I'm a bit confused by this patch. Where does the VLEN > 32 bit come from? All I kind find in the spec is that VLEN >= ELEN, and must be a power of 2. Given ELEN only has to be 8, shouldn't the smallest VLEN also be 8? This seems like an utterly useless configuration, but the spec seems to allow it?

VLEN is determined by the Zvl32b, Zvl64b, Zvl128b, etc. extensions. V implies Zvl128b. Zve64* implies Zvl64b. Zve32* implies Zvl32b. VLEN can never be less than 32 with the currently defined extensions.

Thanks for the pointer. The wording here is as follows:
"Note: Explicit use of the Zvl32b extension string is not required for any standard vector extension as they all effectively mandate at least this minimum, but the string can be useful when stating hardware capabilities."

Reviewing 18.2 and 18.3 confirms that none of the proposed vector variants allow VLEN < 32.

I'm a bit confused by this patch. Where does the VLEN > 32 bit come from? All I kind find in the spec is that VLEN >= ELEN, and must be a power of 2. Given ELEN only has to be 8, shouldn't the smallest VLEN also be 8? This seems like an utterly useless configuration, but the spec seems to allow it?

VLEN is determined by the Zvl32b, Zvl64b, Zvl128b, etc. extensions. V implies Zvl128b. Zve64* implies Zvl64b. Zve32* implies Zvl32b. VLEN can never be less than 32 with the currently defined extensions.

Thanks for the pointer. The wording here is as follows:
"Note: Explicit use of the Zvl32b extension string is not required for any standard vector extension as they all effectively mandate at least this minimum, but the string can be useful when stating hardware capabilities."

Reviewing 18.2 and 18.3 confirms that none of the proposed vector variants allow VLEN < 32.

It's a fair point. I don't really suppose it's worth mentioning that it's at least 32 as this should work for any power of two at least 8. Do you think specifically mentioning 32 may make people assume it relies on that property?

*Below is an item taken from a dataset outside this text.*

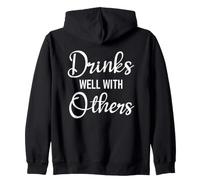 Drinks Well with Others Womens Funny Drinking Sayings Couple Sudadera con Capucha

A note on this patch I forgot to add yesterday - it does affect the nominal offsets we compute for RVV frame objects (see wrong-stack-offset-for-rvv-object.mir - the object is now "at" offset -8 rather than -16). Another option could be to keep the offset calculation as it is now but change how we materialize the instructions to reach those offsets. I thought this way was perhaps slightly cleaner and less error-prone: it's one place, rather than forcing all disparate users of this info to compute offsets correctly. Just it crossed my mind that someone reading offset: -8 may be forgiven for thinking that we're not correctly aligning objects. Let me know what you think. I think both ways have their drawbacks - neither are super intuitive.

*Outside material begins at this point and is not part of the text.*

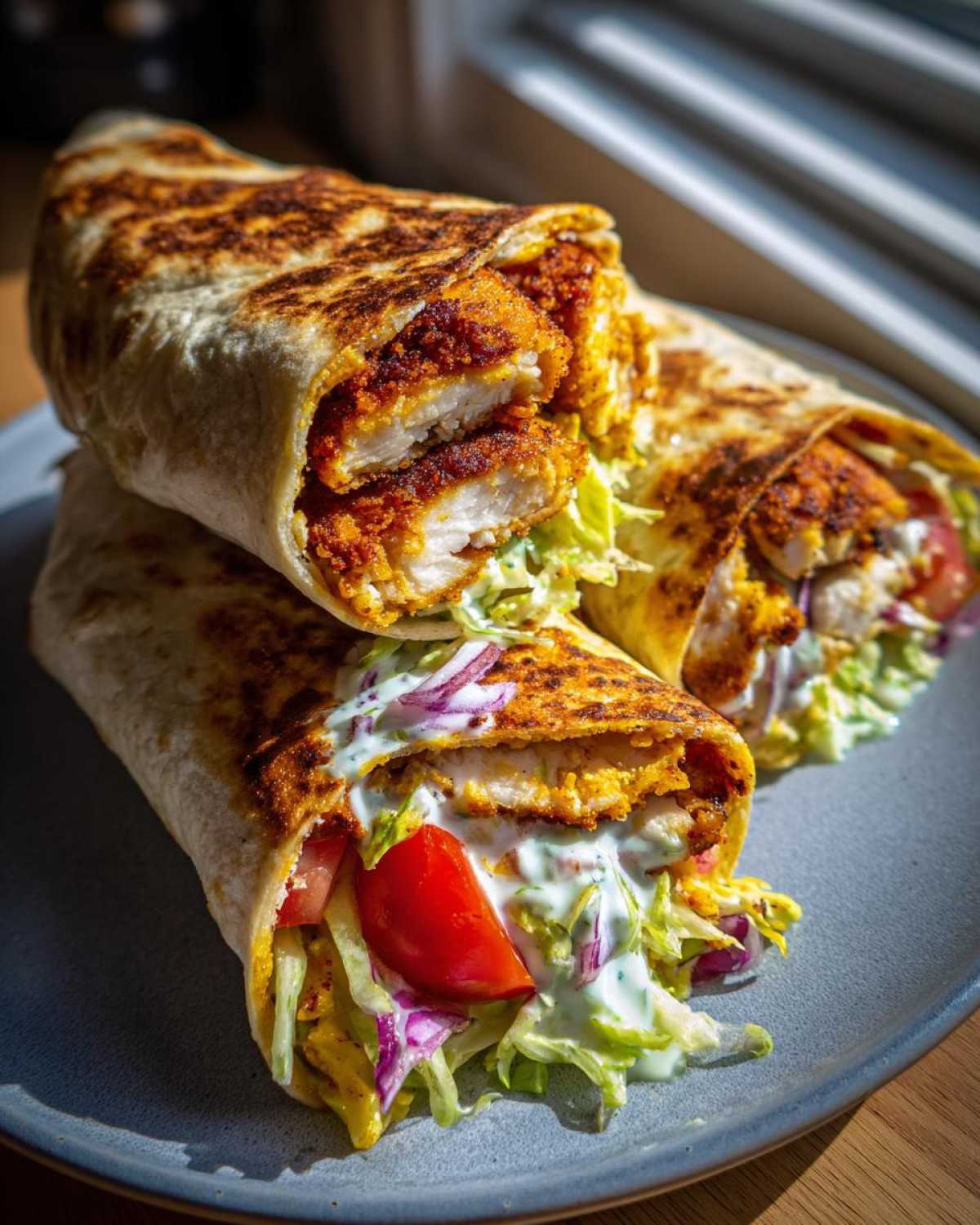 Two halves of a Crispy Chicken Wrap with Garlic Yogurt Sauce, showing crispy chicken, lettuce, tomato, and sauce.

llvm/lib/Target/RISCV/RISCVFrameLowering.cpp
928

Ah yes, thanks - slip of the fingers. I wanted to say greater than or equal to 32. It's probably not worth a caveat here that we don't properly support 32 here, is it? It's largely irrelevant since the calculation works for any power of two.

rebase/ping

reames requested changes to this revision.Jun 30 2022, 9:47 AM
reames added inline comments.
llvm/lib/Target/RISCV/RISCVFrameLowering.cpp
924

Everything above this line appears to be an NFC change + an early return. Please split that, land, and rebase.

This is minor, but since I've now looked at this code several time when glancing at this patch, I'd rather not spend time glancing at it again.

936

This really doesn't look correct to me.

Given an object aligned to 32 bytes, knowing that it's a multiple of 16 bytes does not allow you to align it only to 2 bytes. Which, unless I'm missing something, is what this code does.

I think what you need here is to compute the running alignment, use the MinVLen information to update that alignment, then if the required alignment is greater than that, adjust the offset.

It's entirely possible I'm misreading this though. Having a ObjectSize which is a integer for an object which is inherently variable sized doesn't make sense to me. I'm not entirely sure what ObjectSize actually represents here. Maybe there's just some missing comments in the original code?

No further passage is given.